Guest Author - Dr. Denise Howard
The fourth most common cancer of the female genital tract can be beaten. Vulvar cancer typically presents with itching or an abnormal lesion. The tissues of the vulvar can be easily examined with the naked eye or even under magnification. A sample of the concerned area can be taken and this biopsy will confirm the diagnosis. Once the diagnosis is confirmed then treatment can be undertaken.
The vulva area consists of the labia majora, labia minora, clitoris, mons, introitius, vestibule, and urethra meatus. Its function is to direct the urine stream, protect the genital tract and it serves as a sensory organ for sexual arousal. A cancer in this area can directly affect all of these functions and spread to adjacent and distant structures.
Once a diagnosis of cancer is made the next step is to determine the extent of its spread. This process is called clinical staging and helps determine both the treatment options and the prognosis. This consists of a complete history and physical examination, including a pelvic examination, taking note of abnormal lesions and even enlarged lymph nodes. A more detailed evaluation of the genital tract may include a colposcopy and vulvoscopy to examine for spread or other foci of cancer in the cervix and rest of genital tract. A cystoscopy allows for detailed evaluation of the urethra and bladder while an anoscopy allows for visualization of the anus. Additional imaging maybe advised depending on the examination findings.

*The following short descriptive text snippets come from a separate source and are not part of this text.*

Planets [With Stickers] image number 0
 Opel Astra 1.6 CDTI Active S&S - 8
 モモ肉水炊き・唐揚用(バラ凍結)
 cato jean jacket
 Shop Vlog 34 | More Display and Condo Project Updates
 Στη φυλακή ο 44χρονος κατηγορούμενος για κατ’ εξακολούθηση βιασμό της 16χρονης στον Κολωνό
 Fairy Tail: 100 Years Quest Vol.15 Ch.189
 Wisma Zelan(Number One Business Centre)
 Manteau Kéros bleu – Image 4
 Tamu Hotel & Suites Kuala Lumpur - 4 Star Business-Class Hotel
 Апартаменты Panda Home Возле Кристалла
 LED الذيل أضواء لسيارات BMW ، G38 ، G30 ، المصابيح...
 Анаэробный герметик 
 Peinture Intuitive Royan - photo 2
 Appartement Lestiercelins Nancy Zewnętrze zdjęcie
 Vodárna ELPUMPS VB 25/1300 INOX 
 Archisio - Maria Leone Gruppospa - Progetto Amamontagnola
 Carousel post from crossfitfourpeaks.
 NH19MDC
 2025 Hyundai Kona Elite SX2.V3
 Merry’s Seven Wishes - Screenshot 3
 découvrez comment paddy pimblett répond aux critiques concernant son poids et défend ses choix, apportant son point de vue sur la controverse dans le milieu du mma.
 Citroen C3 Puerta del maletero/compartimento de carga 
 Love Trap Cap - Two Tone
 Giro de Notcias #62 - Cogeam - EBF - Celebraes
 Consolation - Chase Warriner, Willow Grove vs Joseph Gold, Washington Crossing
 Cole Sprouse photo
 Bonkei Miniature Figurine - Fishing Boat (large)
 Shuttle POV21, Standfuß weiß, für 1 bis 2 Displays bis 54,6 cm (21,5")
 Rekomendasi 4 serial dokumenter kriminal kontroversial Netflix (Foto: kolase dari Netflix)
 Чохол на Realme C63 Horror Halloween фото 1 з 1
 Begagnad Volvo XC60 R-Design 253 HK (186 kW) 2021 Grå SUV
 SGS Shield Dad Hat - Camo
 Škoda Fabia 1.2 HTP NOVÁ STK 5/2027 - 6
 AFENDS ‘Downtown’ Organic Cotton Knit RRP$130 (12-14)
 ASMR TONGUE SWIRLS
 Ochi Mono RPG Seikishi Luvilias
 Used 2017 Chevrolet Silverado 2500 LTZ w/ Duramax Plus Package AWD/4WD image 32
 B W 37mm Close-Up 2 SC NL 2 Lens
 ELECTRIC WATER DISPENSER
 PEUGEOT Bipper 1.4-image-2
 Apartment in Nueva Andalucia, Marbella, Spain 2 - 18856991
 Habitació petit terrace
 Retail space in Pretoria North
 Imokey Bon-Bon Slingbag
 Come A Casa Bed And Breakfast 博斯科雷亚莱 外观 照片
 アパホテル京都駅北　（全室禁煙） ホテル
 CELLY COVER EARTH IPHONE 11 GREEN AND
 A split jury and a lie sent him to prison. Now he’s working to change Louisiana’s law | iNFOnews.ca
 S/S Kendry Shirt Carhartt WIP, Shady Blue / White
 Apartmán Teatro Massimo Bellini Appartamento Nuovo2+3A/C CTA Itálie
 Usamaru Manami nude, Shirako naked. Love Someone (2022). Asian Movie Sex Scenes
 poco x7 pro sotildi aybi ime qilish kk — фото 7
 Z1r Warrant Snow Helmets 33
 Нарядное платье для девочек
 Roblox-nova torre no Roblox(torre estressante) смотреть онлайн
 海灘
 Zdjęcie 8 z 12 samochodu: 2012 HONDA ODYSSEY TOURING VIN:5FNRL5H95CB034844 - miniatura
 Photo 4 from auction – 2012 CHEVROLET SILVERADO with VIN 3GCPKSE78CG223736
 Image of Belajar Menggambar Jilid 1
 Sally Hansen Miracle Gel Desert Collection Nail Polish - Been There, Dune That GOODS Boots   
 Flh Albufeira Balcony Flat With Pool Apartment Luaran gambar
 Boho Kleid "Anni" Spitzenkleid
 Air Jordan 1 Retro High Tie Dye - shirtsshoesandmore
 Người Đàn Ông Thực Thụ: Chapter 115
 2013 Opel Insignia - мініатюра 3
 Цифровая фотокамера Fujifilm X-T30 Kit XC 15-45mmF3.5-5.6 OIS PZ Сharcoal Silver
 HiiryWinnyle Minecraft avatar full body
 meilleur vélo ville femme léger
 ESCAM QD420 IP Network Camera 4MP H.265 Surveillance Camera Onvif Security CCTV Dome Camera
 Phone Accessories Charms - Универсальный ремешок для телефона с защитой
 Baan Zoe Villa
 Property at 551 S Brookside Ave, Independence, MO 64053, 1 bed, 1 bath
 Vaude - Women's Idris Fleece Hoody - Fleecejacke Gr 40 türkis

The final staging is confirmed by surgical evaluation. The biopsy can describe the depth of the lesion. Additional surgery that maybe both diagnostic and therapeutic, includes removal of the vulvar structures and a biopsy of the lymph nodes. The extent of removal of the vulvar structures and lymph node biopsy is determined by the location, size and evidence of spread. A stage IB cancer is greater than 2 cm in diameter. Stage II cancers have spread to the birth canal, urethra or anus. Stage II has spread regionally beyond these structures and Stage IV is distal spread outside of the pelvic region. Metastasis is found in approximately 5% of cases at initial diagnosis.
Surgical treatment is possible in those cases that are diagnosed early. Radiation and chemotherapy are additional treatments that maybe utilized if the cancer is of advanced stage. An early diagnosis allows for easier treatment and the likelihood of success is much higher. You should seek the consultation of a gynecologist if you have unusual genital symptoms or a lesion. In some cases it may require persistence on your part to find the answer but donít be afraid to be an advocate for your health.
I hope this article has provided you with information that will help you make wise choices, so you may:
Live healthy, live well and live long!